### Data provided
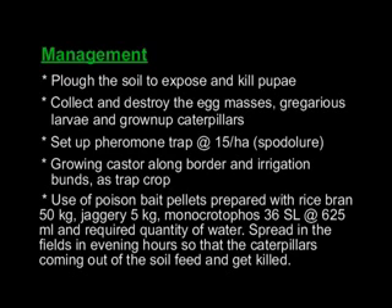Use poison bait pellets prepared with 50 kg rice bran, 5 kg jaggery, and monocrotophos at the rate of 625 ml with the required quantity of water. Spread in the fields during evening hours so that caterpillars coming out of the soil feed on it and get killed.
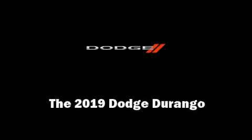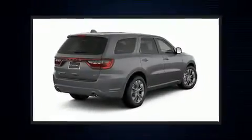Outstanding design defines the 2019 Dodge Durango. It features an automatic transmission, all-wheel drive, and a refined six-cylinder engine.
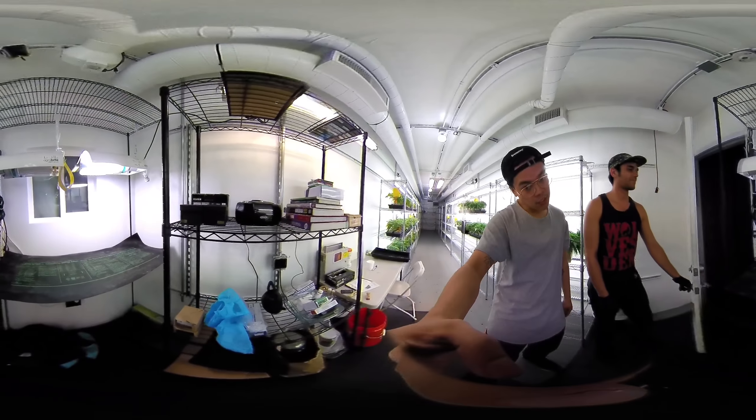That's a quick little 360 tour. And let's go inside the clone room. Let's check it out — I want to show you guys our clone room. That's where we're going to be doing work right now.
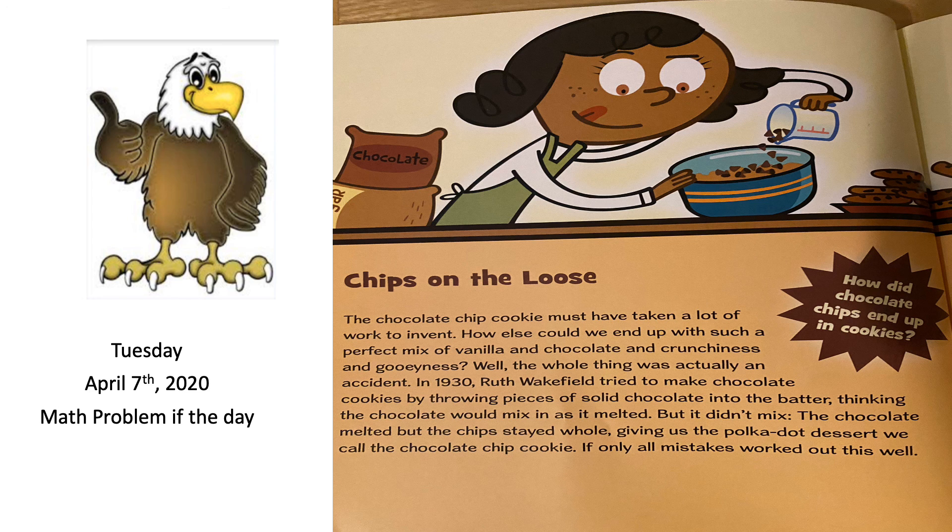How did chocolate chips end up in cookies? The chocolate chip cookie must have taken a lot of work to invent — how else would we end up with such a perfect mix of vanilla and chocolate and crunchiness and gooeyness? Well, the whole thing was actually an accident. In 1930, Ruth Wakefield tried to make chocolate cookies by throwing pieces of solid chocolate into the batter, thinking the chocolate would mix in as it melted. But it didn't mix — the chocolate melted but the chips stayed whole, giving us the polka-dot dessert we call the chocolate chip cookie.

### Directions
What you return must match the material above exactly, apart from its pictures.

### Solution for this problem
Use poison bait pellets prepared with 50 kg rice bran, 5 kg jaggery, and monocrotophos at the rate of 625 ml with the required quantity of water. Spread in the fields during evening hours so that caterpillars coming out of the soil feed on it and get killed.
Outstanding design defines the 2019 Dodge Durango. It features an automatic transmission, all-wheel drive, and a refined six-cylinder engine.
That's a quick little 360 tour. And let's go inside the clone room. Let's check it out — I want to show you guys our clone room. That's where we're going to be doing work right now.
How did chocolate chips end up in cookies? The chocolate chip cookie must have taken a lot of work to invent — how else would we end up with such a perfect mix of vanilla and chocolate and crunchiness and gooeyness? Well, the whole thing was actually an accident. In 1930, Ruth Wakefield tried to make chocolate cookies by throwing pieces of solid chocolate into the batter, thinking the chocolate would mix in as it melted. But it didn't mix — the chocolate melted but the chips stayed whole, giving us the polka-dot dessert we call the chocolate chip cookie.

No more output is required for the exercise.